-- ASSIGNED TASK --
Each record is to be transcribed exactly.

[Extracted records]
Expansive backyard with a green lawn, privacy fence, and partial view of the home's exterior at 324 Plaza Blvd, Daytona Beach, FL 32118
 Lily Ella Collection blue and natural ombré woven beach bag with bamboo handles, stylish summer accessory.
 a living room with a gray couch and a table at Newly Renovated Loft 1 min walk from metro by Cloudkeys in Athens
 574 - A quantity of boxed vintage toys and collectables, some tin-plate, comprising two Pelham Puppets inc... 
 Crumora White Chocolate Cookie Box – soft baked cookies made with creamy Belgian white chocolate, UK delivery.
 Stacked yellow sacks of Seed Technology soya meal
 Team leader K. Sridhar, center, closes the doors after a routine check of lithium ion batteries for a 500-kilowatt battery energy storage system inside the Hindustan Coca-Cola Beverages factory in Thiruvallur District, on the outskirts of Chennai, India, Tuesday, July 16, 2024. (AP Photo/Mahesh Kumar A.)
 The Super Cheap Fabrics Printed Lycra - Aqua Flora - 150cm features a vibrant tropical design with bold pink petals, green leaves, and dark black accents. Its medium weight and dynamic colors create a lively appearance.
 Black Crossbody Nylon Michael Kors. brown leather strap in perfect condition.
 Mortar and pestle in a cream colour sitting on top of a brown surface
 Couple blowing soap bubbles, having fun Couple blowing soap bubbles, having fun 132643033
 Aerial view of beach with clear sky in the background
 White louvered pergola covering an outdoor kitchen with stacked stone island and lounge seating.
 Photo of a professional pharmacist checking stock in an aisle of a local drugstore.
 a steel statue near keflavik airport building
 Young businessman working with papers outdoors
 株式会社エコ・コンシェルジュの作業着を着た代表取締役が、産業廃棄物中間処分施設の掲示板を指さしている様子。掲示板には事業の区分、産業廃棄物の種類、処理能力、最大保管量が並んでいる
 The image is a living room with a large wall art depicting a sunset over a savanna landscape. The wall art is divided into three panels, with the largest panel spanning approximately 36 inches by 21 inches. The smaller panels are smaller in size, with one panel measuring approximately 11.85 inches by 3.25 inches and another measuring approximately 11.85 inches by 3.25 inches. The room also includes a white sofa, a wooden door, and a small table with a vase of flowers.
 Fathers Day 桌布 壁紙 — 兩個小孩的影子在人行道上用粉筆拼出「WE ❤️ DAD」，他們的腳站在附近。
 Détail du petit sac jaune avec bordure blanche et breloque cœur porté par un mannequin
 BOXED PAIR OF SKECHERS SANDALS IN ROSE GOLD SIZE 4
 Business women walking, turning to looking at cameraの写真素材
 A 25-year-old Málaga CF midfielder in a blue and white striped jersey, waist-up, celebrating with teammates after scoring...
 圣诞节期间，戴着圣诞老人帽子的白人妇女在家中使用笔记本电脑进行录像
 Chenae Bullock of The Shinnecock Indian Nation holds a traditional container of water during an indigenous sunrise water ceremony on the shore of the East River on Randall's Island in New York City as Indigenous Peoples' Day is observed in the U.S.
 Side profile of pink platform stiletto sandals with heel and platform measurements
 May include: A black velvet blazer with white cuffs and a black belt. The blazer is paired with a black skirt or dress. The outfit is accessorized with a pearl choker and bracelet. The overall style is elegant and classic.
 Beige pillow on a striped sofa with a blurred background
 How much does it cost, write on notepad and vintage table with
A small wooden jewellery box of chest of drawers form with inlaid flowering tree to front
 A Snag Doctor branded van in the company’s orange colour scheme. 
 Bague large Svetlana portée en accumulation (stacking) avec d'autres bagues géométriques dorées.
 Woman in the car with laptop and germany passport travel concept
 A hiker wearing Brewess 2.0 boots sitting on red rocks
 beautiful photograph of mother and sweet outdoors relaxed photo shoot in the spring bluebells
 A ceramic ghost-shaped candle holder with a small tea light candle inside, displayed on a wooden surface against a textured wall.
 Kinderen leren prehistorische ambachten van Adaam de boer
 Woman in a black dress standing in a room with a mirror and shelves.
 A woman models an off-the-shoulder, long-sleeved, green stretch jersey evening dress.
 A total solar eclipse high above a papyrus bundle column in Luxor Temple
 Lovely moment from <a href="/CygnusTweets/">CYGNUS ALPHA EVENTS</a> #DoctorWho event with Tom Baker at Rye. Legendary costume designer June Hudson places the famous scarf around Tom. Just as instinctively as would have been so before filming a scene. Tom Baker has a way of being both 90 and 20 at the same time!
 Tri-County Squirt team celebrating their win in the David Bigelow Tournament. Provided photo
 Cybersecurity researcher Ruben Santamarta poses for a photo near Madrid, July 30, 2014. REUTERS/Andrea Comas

-- EXERCISE RESPONSE --
Expansive backyard with a green lawn, privacy fence, and partial view of the home's exterior at 324 Plaza Blvd, Daytona Beach, FL 32118
 Lily Ella Collection blue and natural ombré woven beach bag with bamboo handles, stylish summer accessory.
 a living room with a gray couch and a table at Newly Renovated Loft 1 min walk from metro by Cloudkeys in Athens
 574 - A quantity of boxed vintage toys and collectables, some tin-plate, comprising two Pelham Puppets inc... 
 Crumora White Chocolate Cookie Box – soft baked cookies made with creamy Belgian white chocolate, UK delivery.
 Stacked yellow sacks of Seed Technology soya meal
 Team leader K. Sridhar, center, closes the doors after a routine check of lithium ion batteries for a 500-kilowatt battery energy storage system inside the Hindustan Coca-Cola Beverages factory in Thiruvallur District, on the outskirts of Chennai, India, Tuesday, July 16, 2024. (AP Photo/Mahesh Kumar A.)
 The Super Cheap Fabrics Printed Lycra - Aqua Flora - 150cm features a vibrant tropical design with bold pink petals, green leaves, and dark black accents. Its medium weight and dynamic colors create a lively appearance.
 Black Crossbody Nylon Michael Kors. brown leather strap in perfect condition.
 Mortar and pestle in a cream colour sitting on top of a brown surface
 Couple blowing soap bubbles, having fun Couple blowing soap bubbles, having fun 132643033
 Aerial view of beach with clear sky in the background
 White louvered pergola covering an outdoor kitchen with stacked stone island and lounge seating.
 Photo of a professional pharmacist checking stock in an aisle of a local drugstore.
 a steel statue near keflavik airport building
 Young businessman working with papers outdoors
 株式会社エコ・コンシェルジュの作業着を着た代表取締役が、産業廃棄物中間処分施設の掲示板を指さしている様子。掲示板には事業の区分、産業廃棄物の種類、処理能力、最大保管量が並んでいる
 The image is a living room with a large wall art depicting a sunset over a savanna landscape. The wall art is divided into three panels, with the largest panel spanning approximately 36 inches by 21 inches. The smaller panels are smaller in size, with one panel measuring approximately 11.85 inches by 3.25 inches and another measuring approximately 11.85 inches by 3.25 inches. The room also includes a white sofa, a wooden door, and a small table with a vase of flowers.
 Fathers Day 桌布 壁紙 — 兩個小孩的影子在人行道上用粉筆拼出「WE ❤️ DAD」，他們的腳站在附近。
 Détail du petit sac jaune avec bordure blanche et breloque cœur porté par un mannequin
 BOXED PAIR OF SKECHERS SANDALS IN ROSE GOLD SIZE 4
 Business women walking, turning to looking at cameraの写真素材
 A 25-year-old Málaga CF midfielder in a blue and white striped jersey, waist-up, celebrating with teammates after scoring...
 圣诞节期间，戴着圣诞老人帽子的白人妇女在家中使用笔记本电脑进行录像
 Chenae Bullock of The Shinnecock Indian Nation holds a traditional container of water during an indigenous sunrise water ceremony on the shore of the East River on Randall's Island in New York City as Indigenous Peoples' Day is observed in the U.S.
 Side profile of pink platform stiletto sandals with heel and platform measurements
 May include: A black velvet blazer with white cuffs and a black belt. The blazer is paired with a black skirt or dress. The outfit is accessorized with a pearl choker and bracelet. The overall style is elegant and classic.
 Beige pillow on a striped sofa with a blurred background
 How much does it cost, write on notepad and vintage table with
A small wooden jewellery box of chest of drawers form with inlaid flowering tree to front
 A Snag Doctor branded van in the company’s orange colour scheme. 
 Bague large Svetlana portée en accumulation (stacking) avec d'autres bagues géométriques dorées.
 Woman in the car with laptop and germany passport travel concept
 A hiker wearing Brewess 2.0 boots sitting on red rocks
 beautiful photograph of mother and sweet outdoors relaxed photo shoot in the spring bluebells
 A ceramic ghost-shaped candle holder with a small tea light candle inside, displayed on a wooden surface against a textured wall.
 Kinderen leren prehistorische ambachten van Adaam de boer
 Woman in a black dress standing in a room with a mirror and shelves.
 A woman models an off-the-shoulder, long-sleeved, green stretch jersey evening dress.
 A total solar eclipse high above a papyrus bundle column in Luxor Temple
 Lovely moment from <a href="/CygnusTweets/">CYGNUS ALPHA EVENTS</a> #DoctorWho event with Tom Baker at Rye. Legendary costume designer June Hudson places the famous scarf around Tom. Just as instinctively as would have been so before filming a scene. Tom Baker has a way of being both 90 and 20 at the same time!
 Tri-County Squirt team celebrating their win in the David Bigelow Tournament. Provided photo
 Cybersecurity researcher Ruben Santamarta poses for a photo near Madrid, July 30, 2014. REUTERS/Andrea Comas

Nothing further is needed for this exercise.